Or, non seulement «M. Harper peut être très têtu», dit encore M. Gingras, mais d'un strict point de vue politique, sans doute se dit-il aussi «qu'il lui faut éviter de désavouer les ministres responsables des dossiers en cause». S'il avait accepté trop vite de rencontrer Mme Spence, cela aurait pu être considéré comme un désaveu de ses ministres.

À ce propos, des députés conservateurs autochtones ont suggéré à Mme Spence le compromis de rencontrer plutôt le ministre des Affaires autochtones, ce qu'elle a refusé.

Selon l'éthicien Daniel Weinstock, professeur de droit et de philosophie à l'Université McGill, il ne s'agit pas tant ici de forcer la main à quelqu'un que «de rappeler le Canada à ses obligations. Cette obligation, c'est de négocier avec des peuples autochtones avec lesquels on est lié par traités, traités que le gouvernement conservateur viole allégrement».

De façon plus immédiate, comme le rappelle M. Weinstock, Mme Spence veut, par son geste désespéré, dénoncer la plus récente loi omnibus conservatrice, dite «loi mammouth».

Le projet de loi C-45 redéfinit notamment la protection des eaux navigables, qui ne s'applique plus qu'à 97 lacs et 62 rivières. La loi modifie aussi le mode de consultation des communautés lorsque des terres de réserves sont vendues ou louées.

Mme Spence est chef de la Première Nation d'Attawapiskat, une communauté autochtone ontarienne dont les conditions de vie sont si misérables qu'elles ont fait les manchettes il y a un peu plus d'un an.

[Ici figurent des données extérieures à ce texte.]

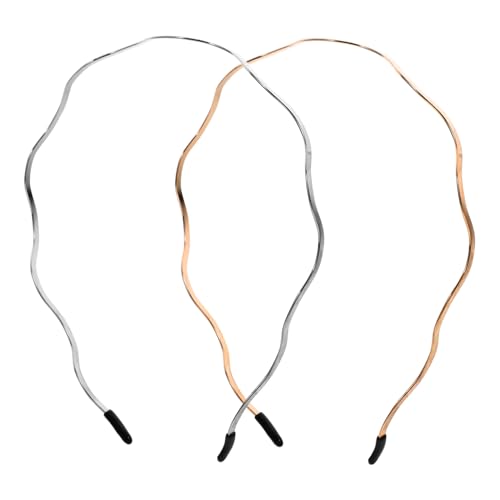 Healeved 2 Stück Gewelltes Stirnband Aus Seide Für Damen Süß Weiß Fein Glänzend Elastisch Gewellt Haarnadel Satin Klein Mit Haarband Mädchen Ausgefallen Spitze Kleines von Healeved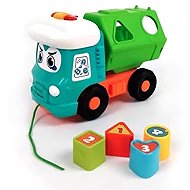 Bavytoy Tahací popelář se světlem a zvukem - Toy Car for Toddlers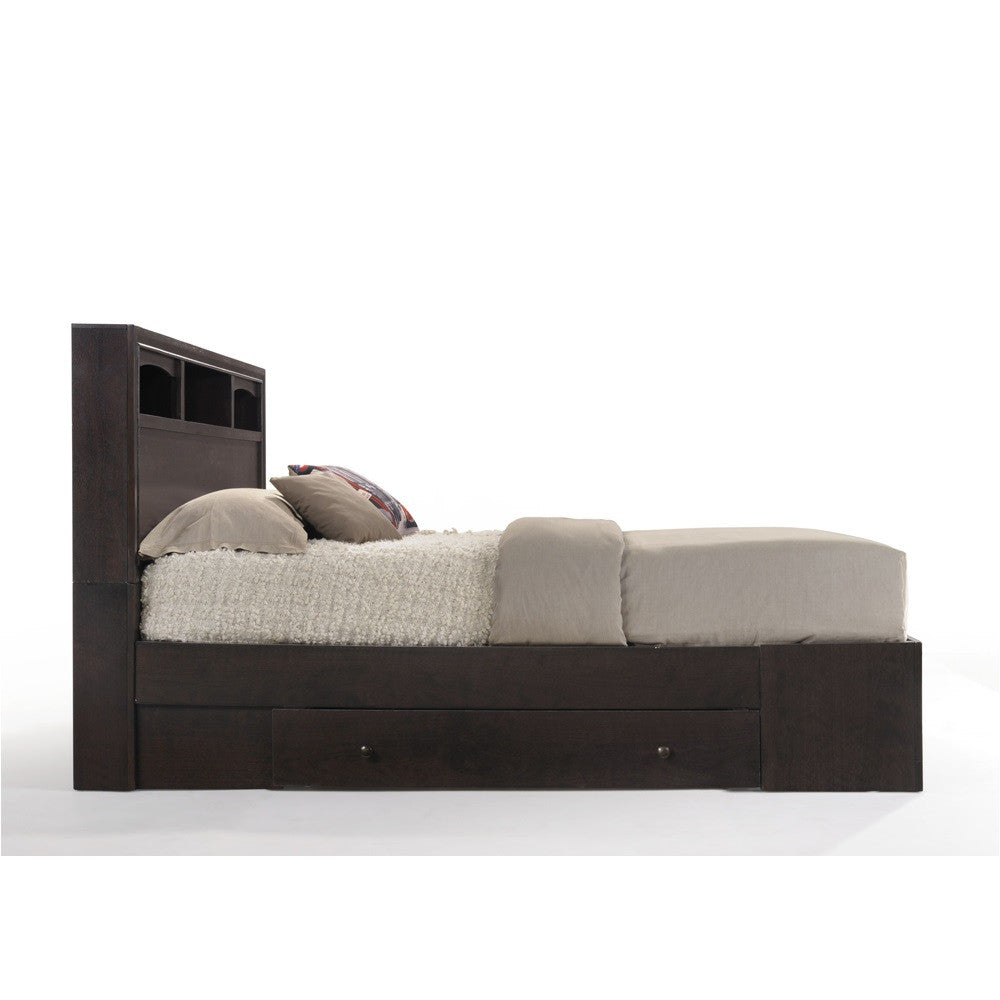 ACME 19557EK Madison II Eastern King Bed with Storage, Espresso (1Set/3Ctn)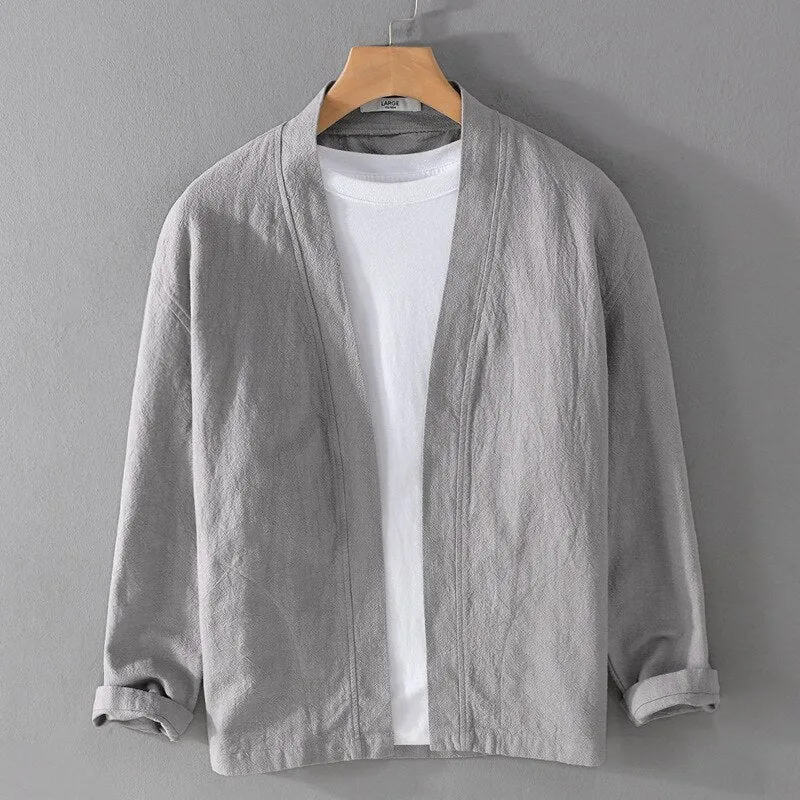 Antonios Linen Long-Sleeved Shirt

En 2011, Mme Spence avait déjà interpellé le gouvernement Harper à ce sujet.

Le président de l'Union des chefs autochtones de la Colombie-Britannique croit que le mouvement de protestation amérindien «Idle No More» gagnera en importance.

Le chef Stewart Phillip a indiqué qu'il se préparait à une manifestation à l'important poste frontalier Peace Arch, en Colombie-Britannique.

Selon lui, on reverra en 2013 des barrages comme ceux qui ont déjà été érigés en décembre à Sarnia, en Ontario.